**Records from a dataset**:
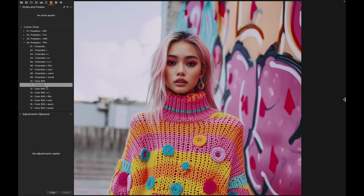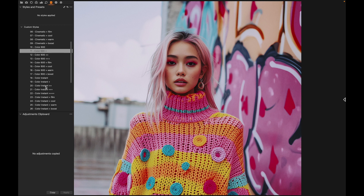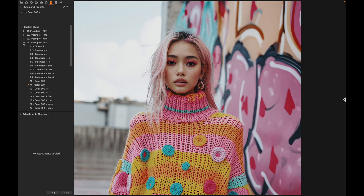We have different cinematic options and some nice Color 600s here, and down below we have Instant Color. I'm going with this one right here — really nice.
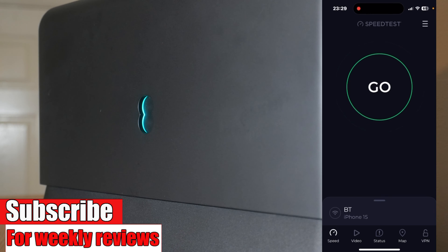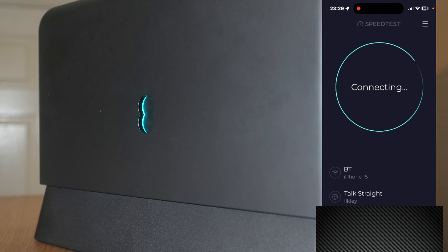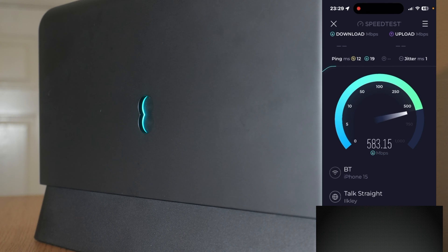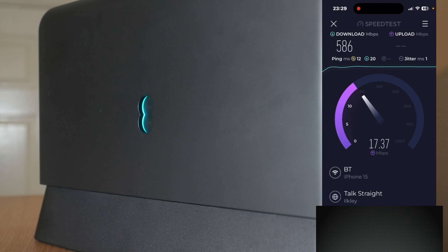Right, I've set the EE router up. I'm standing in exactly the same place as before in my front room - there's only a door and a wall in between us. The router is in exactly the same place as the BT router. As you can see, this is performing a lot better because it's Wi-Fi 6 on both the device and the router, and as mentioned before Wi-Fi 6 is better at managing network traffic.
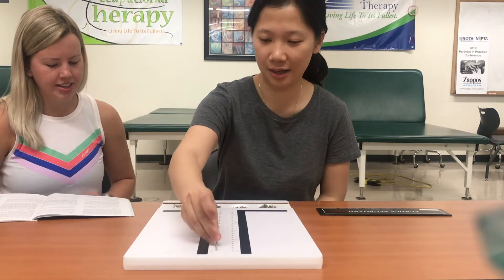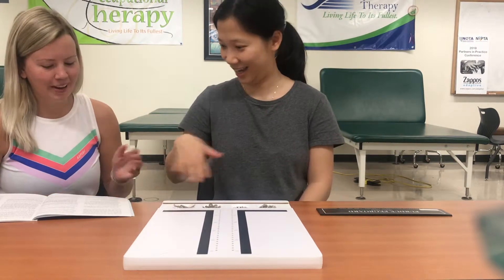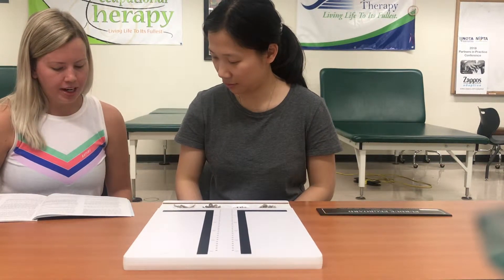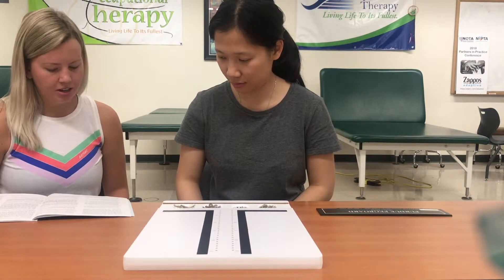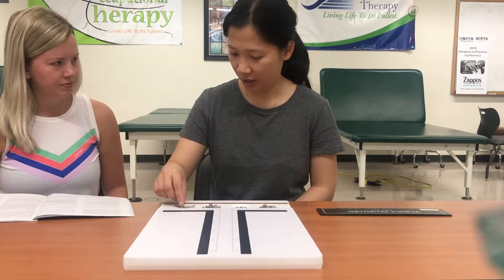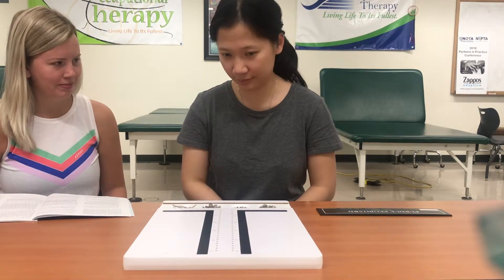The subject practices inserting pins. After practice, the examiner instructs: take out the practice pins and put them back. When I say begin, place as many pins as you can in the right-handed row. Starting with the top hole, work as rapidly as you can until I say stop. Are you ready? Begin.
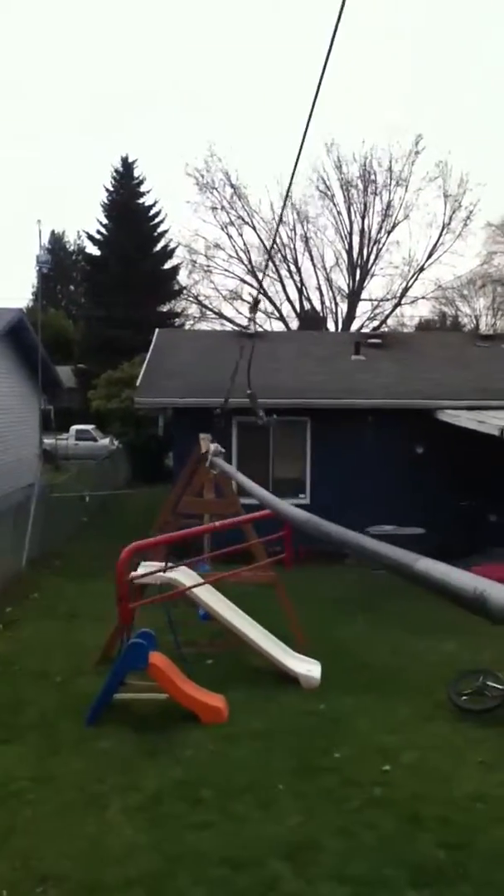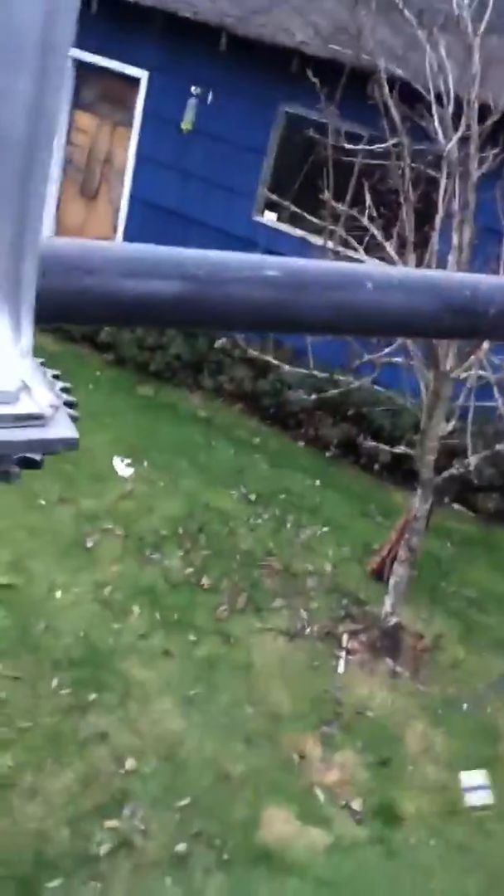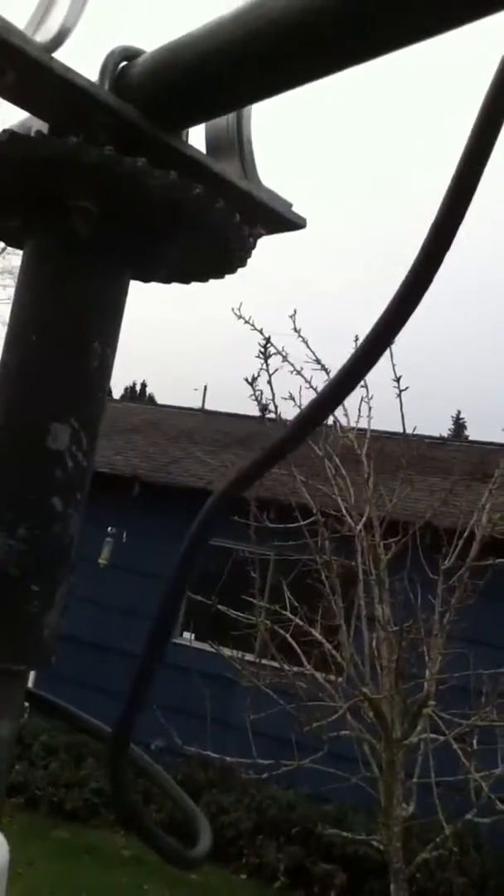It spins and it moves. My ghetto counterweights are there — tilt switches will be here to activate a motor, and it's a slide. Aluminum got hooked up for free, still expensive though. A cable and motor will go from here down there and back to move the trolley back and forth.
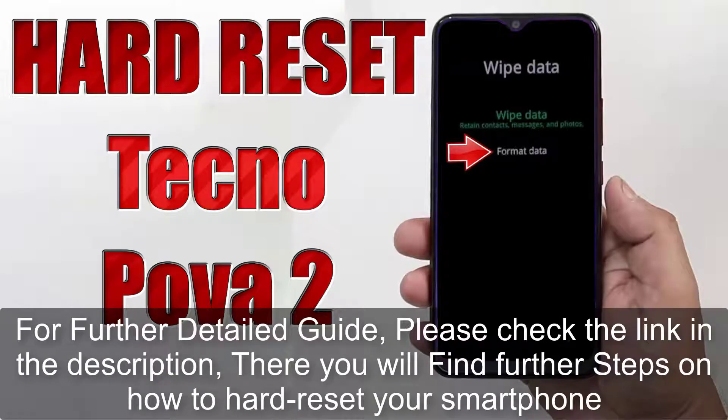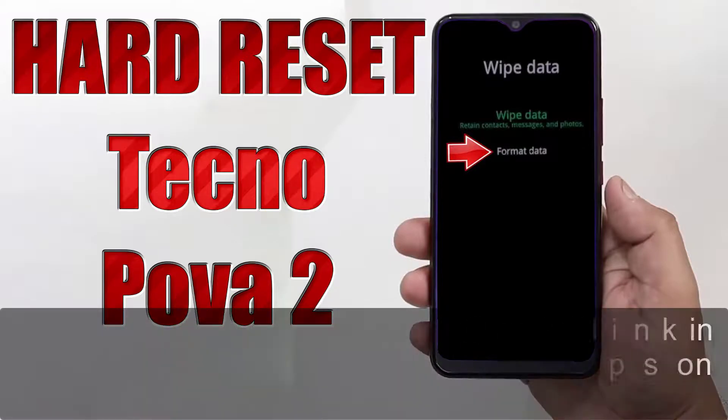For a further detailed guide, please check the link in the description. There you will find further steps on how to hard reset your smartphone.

**Description of the task**: Could you restate every record above word for word, dropping the pictures?

**Answer for the task**:
We have different cinematic options and some nice Color 600s here, and down below we have Instant Color. I'm going with this one right here — really nice.
Right, I've set the EE router up. I'm standing in exactly the same place as before in my front room - there's only a door and a wall in between us. The router is in exactly the same place as the BT router. As you can see, this is performing a lot better because it's Wi-Fi 6 on both the device and the router, and as mentioned before Wi-Fi 6 is better at managing network traffic.
The subject practices inserting pins. After practice, the examiner instructs: take out the practice pins and put them back. When I say begin, place as many pins as you can in the right-handed row. Starting with the top hole, work as rapidly as you can until I say stop. Are you ready? Begin.
It spins and it moves. My ghetto counterweights are there — tilt switches will be here to activate a motor, and it's a slide. Aluminum got hooked up for free, still expensive though. A cable and motor will go from here down there and back to move the trolley back and forth.
For a further detailed guide, please check the link in the description. There you will find further steps on how to hard reset your smartphone.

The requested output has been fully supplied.